Appendix A - Microsoft Operations Framework
On This Page
Microsoft Operations Framework (MOF) is a collection of best practices, principles, and models. It provides comprehensive technical guidance for achieving mission-critical production system reliability, availability, supportability, and manageability for solutions and services built on Microsoft products and technologies. This guidance is presented in the form of white papers, service management guides, assessment tools, operations kits, best practices, case studies, and support tools that address the people, processes, and technologies for effectively managing production systems within today's complex distributed IT environment.
MOF Core Concepts
MOF directly addresses the two core concepts that IT organizations need to effectively manage in order to be successful. Those core concepts are service solutions and IT service management.
Service solutions include those business services that IT provides to customers and users. These may include line of business (LOB) applications, messaging, e-commerce infrastructure, print services, data storage, and others.
IT service management entails the IT functions or processes that must be performed in order to manage and maintain each of the aforementioned service solutions. These IT functions or processes are termed service management functions (SMFs) and include configuration management, change management, service desk, capacity management, and others. MOF currently recognizes a total of 20 individual service management functions, each of which is thoroughly described in an SMF-specific technical document. A brief description of each of the SMFs is provided later in this overview.
MOF Core Models
MOF principles and guidance are also organized around three core models, which are each manifested within the individual SMFs. These three models the MOF team model, MOF process model, and MOF risk model are introduced in the following sections. In-depth discussions of each model are available through technical guides located at http://www.microsoft.com/technet/itsolutions/cits/mo/mof/default.mspx.
The MOF Process Model
IT operations encompass a complex, dynamic set of procedures and processes that are extremely difficult to define and capture with a high degree of accuracy. Modeling such endeavors to an extreme level of precision would be cost prohibitive and generally inappropriate because the processes must typically be adapted locally anyway.
MOF simplifies the approach to modeling this complex set of dynamics into an easy-to-understand framework whose principles and practices are straightforward to incorporate and apply in the IT environment. This simplified approach enables the operations staff of an enterprise of any size, regardless of maturity level, to realize tangible benefits to the existing, or proposed, operations.
The MOF process model supports the successful provision of IT services by addressing four key principles.
Structured architecture. The process model provides the structure for process integration, life cycle management, mapping of roles and responsibilities, and overall management command and control. It also provides the underlying foundation for process automation and technology-specific operations.

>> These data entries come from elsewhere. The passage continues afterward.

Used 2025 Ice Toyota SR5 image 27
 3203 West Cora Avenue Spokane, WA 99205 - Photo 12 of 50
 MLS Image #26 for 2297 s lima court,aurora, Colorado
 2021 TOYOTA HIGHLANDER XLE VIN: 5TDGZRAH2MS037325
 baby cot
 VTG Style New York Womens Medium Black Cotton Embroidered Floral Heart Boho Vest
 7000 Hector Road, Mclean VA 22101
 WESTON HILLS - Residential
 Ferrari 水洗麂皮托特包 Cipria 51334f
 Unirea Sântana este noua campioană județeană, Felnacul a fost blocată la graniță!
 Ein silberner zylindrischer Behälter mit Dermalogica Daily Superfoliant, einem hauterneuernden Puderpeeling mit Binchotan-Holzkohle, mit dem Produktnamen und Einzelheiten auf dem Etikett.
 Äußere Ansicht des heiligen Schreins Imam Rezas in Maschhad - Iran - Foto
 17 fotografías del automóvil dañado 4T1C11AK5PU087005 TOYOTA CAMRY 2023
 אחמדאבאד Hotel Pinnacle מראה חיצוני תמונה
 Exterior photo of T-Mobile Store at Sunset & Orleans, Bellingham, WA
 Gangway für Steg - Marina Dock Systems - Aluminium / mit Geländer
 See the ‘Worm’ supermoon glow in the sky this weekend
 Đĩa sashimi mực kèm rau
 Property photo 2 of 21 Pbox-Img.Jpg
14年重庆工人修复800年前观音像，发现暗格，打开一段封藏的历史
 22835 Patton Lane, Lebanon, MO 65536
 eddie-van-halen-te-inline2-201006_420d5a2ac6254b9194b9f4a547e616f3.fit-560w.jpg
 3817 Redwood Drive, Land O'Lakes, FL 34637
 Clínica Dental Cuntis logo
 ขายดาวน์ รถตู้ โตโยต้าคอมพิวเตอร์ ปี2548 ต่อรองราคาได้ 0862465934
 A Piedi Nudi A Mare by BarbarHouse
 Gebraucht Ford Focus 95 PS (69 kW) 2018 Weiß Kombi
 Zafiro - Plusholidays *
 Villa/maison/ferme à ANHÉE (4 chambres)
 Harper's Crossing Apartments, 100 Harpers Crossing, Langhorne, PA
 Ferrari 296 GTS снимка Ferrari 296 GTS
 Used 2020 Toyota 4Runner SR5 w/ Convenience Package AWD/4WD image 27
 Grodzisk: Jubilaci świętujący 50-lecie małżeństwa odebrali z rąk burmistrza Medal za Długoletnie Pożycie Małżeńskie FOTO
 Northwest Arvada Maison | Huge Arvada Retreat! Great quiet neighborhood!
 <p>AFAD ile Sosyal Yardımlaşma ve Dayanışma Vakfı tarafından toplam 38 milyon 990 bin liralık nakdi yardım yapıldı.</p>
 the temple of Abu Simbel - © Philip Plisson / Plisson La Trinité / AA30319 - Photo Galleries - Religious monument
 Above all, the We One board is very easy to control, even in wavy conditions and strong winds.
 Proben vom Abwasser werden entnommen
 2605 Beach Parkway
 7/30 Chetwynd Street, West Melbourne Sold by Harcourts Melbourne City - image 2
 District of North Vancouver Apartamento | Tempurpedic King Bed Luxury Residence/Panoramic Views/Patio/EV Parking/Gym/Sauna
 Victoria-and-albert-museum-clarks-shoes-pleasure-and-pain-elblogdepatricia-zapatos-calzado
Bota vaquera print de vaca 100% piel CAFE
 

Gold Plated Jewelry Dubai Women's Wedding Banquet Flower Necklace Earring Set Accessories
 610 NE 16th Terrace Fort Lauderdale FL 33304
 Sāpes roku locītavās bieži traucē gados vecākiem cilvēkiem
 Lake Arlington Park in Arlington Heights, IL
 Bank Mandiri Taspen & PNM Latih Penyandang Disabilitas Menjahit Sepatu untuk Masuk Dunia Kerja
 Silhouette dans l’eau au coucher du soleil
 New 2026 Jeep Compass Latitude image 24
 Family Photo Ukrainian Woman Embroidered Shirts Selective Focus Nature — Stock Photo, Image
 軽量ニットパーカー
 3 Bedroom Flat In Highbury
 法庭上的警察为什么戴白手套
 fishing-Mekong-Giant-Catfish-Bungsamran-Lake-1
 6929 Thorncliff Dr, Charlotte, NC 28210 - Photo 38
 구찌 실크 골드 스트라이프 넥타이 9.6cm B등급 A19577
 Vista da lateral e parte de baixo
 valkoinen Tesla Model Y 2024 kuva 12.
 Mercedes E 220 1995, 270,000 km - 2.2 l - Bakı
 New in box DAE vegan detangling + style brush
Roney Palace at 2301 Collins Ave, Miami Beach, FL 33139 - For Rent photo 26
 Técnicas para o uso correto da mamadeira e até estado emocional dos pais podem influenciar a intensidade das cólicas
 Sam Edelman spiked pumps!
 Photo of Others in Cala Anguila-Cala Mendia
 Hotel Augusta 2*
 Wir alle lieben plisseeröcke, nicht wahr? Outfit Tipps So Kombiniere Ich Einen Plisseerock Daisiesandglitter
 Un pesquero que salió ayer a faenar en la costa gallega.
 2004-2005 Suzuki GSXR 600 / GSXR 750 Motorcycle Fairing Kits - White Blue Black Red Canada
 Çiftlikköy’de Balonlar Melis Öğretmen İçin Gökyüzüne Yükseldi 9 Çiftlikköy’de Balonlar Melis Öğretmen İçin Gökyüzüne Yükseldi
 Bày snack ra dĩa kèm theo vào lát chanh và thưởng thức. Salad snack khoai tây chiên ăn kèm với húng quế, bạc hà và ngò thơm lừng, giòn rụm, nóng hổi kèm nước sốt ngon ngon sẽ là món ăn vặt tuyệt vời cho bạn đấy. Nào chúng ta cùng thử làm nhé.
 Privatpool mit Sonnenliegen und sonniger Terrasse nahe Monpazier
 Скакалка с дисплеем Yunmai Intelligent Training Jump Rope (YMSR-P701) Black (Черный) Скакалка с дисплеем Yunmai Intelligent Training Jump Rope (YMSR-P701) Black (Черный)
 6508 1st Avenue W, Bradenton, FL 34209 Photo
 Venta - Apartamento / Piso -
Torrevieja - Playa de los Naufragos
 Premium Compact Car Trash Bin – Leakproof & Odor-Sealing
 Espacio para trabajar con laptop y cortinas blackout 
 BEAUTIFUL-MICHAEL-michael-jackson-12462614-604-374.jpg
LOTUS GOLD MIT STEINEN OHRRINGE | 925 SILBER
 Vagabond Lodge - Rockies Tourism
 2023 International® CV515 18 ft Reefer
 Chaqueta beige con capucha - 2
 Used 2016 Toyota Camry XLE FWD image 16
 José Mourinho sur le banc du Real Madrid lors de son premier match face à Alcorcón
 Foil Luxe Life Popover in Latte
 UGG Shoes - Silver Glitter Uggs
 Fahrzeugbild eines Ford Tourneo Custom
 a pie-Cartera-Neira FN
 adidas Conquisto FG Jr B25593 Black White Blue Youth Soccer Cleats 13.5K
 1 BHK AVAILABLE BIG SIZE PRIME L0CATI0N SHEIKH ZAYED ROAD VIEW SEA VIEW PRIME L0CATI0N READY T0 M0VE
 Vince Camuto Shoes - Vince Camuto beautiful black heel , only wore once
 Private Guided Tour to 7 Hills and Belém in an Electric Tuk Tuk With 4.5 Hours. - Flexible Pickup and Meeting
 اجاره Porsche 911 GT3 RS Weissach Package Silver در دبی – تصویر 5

Rapid life cycle, iterative improvement. To stay competitive in an aggressive business environment, MOF utilizes the concept of an iterative life cycle that supports both the capability to incorporate change quickly and to continuously assess and improve the overall operations environment. Recognizing that operations do not follow a sequential set of phases as does the typical IT development project (and MSF), the MOF process model categorizes key operational activities into quadrants that emphasize a spiral life cycle, with parallel processes occurring simultaneously.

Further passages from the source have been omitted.